There is another pair in run 25177010, sector 3, from padrows 1 and 2, perhaps also the same FEE as each other?

Otherwise, there isn't an obvious pattern to the sector and row.

But these pairings provide a second bit of non-definitive evidence that this is something in the TPC pixel data.
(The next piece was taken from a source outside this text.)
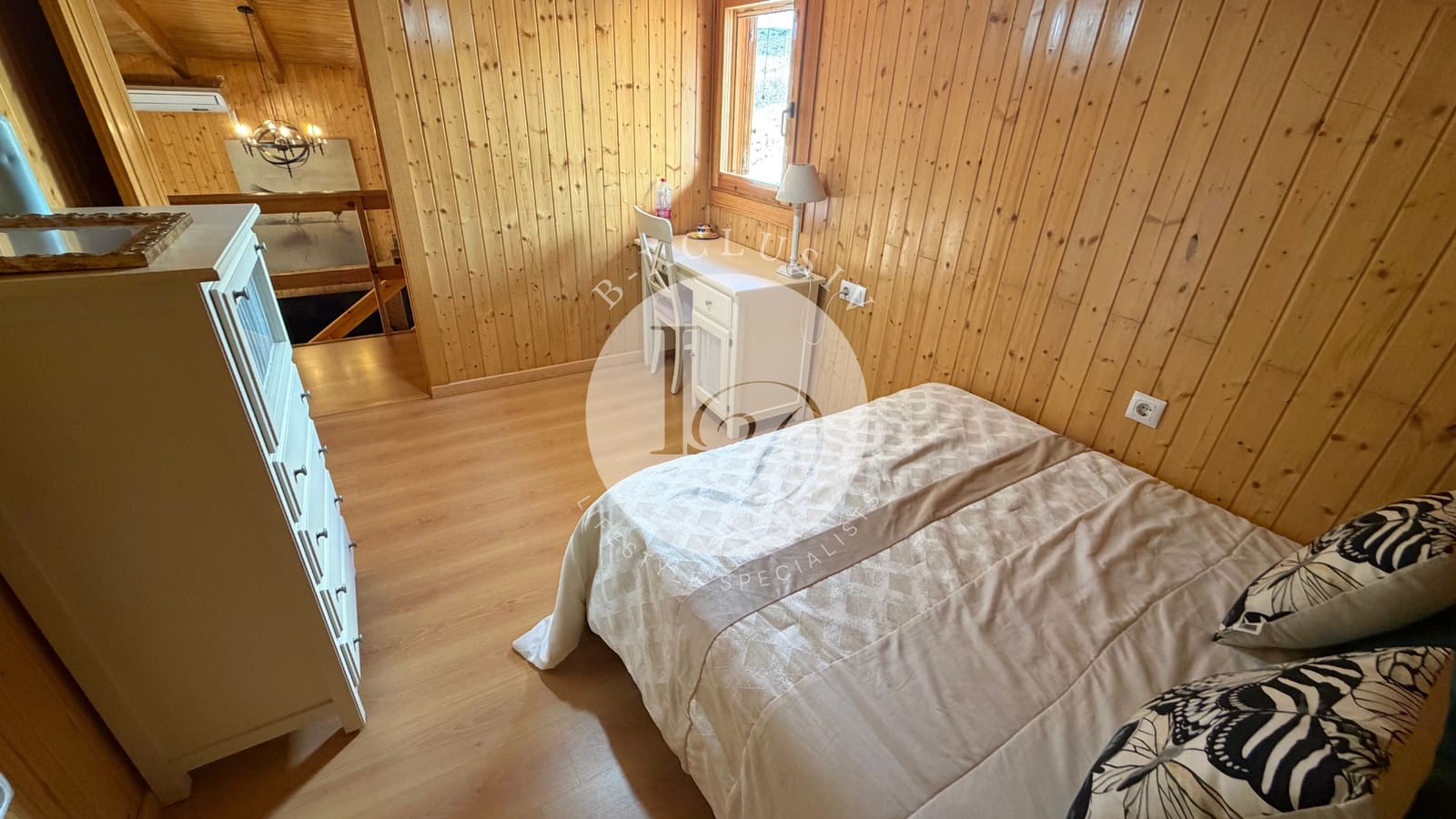 4 chambre Finca/Maison de Campagne à vendre à Aguilas avec garage - 280 000 € (Ref: 10158967)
The other such evidence being 100% reproducibility (we saw reproducibility below 20% when dealing with an uninitialized variable in the software a few weeks ago).

-Gene

-- Reply to this email directly, view it on GitHub [1], or unsubscribe [2]. You are receiving this because you were assigned.Message ID: @.***>

Links:

[1] https://github.com/star-bnl/star-sw/issues/690#issuecomment-2189776323 [2]
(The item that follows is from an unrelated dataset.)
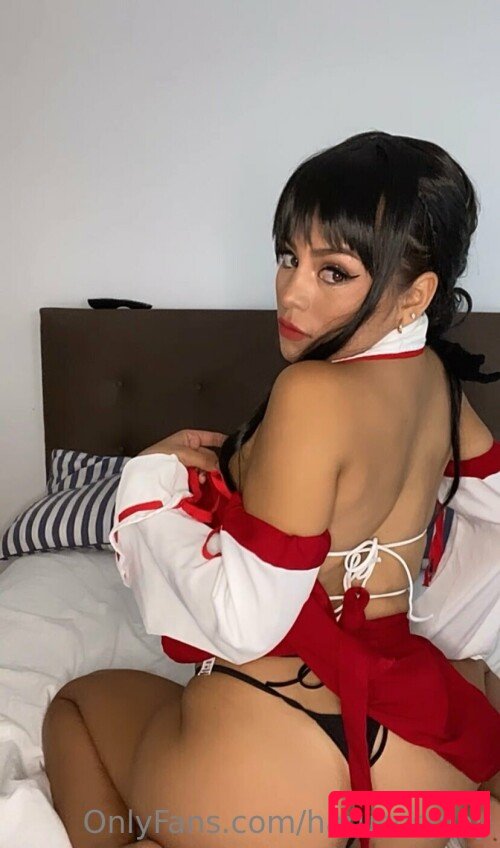 Haru / harucosplay Nude Onlyfans Photo 10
https://github.com/notifications/unsubscribe-auth/AUIALBBAV3QETGV4NGKCE5DZJG55PAVCNFSM6AAAAABJ25XXWKVHI2DSMVQWIX3LMV43OSLTON2WKQ3PNVWWK3TUHMZDCOBZG43TMMZSGM

-- Flemming Videbaek senior scientist, emeritus videbaek @ bnl.gov Brookhaven National Lab Physics Department Bldg 510D Upton, NY 11973

phone: 631-344-4106 cell : 631-681-1596

— Reply to this email directly, view it on GitHub https://github.com/star-bnl/star-sw/issues/690#issuecomment-2189829103, or unsubscribe https://github.com/notifications/unsubscribe-auth/ATFNJ4ES3M7WLERSFTLFWH3ZJHBILAVCNFSM6AAAAABJ25XXWKVHI2DSMVQWIX3LMV43OSLTON2WKQ3PNVWWK3TUHMZDCOBZHAZDSMJQGM . You are receiving this because you were assigned.Message ID: @.***>

genevb commented 3 weeks ago

Jeff has included Tonko's fixes for this issue in PR #688 , so I expect this issue will be solved when that PR is merged.

plexoos commented 3 weeks ago

Are you suggesting merging #688 now?

Is Akio fine with reverting his previous modification (https://github.com/star-bnl/star-sw/pull/688/files#r1651407708)?

Is the only change needed to fix this issue the one in StRoot/RTS/src/DAQ_TPC23/itpc23.cxx in this commit (https://github.com/star-bnl/star-sw/pull/688/commits/314f90a7a11ac53f959482a8ff923b344c4b4d9d)?

genevb commented 3 weeks ago

Are you suggesting merging #688 now?

No....I think Akio's concern is appropriate.

Is the only change needed to fix this issue the one in StRoot/RTS/src/DAQ_TPC23/itpc23.cxx in this commit

I think we should move forward with all of the DAQ_TPC23 changes in that PR.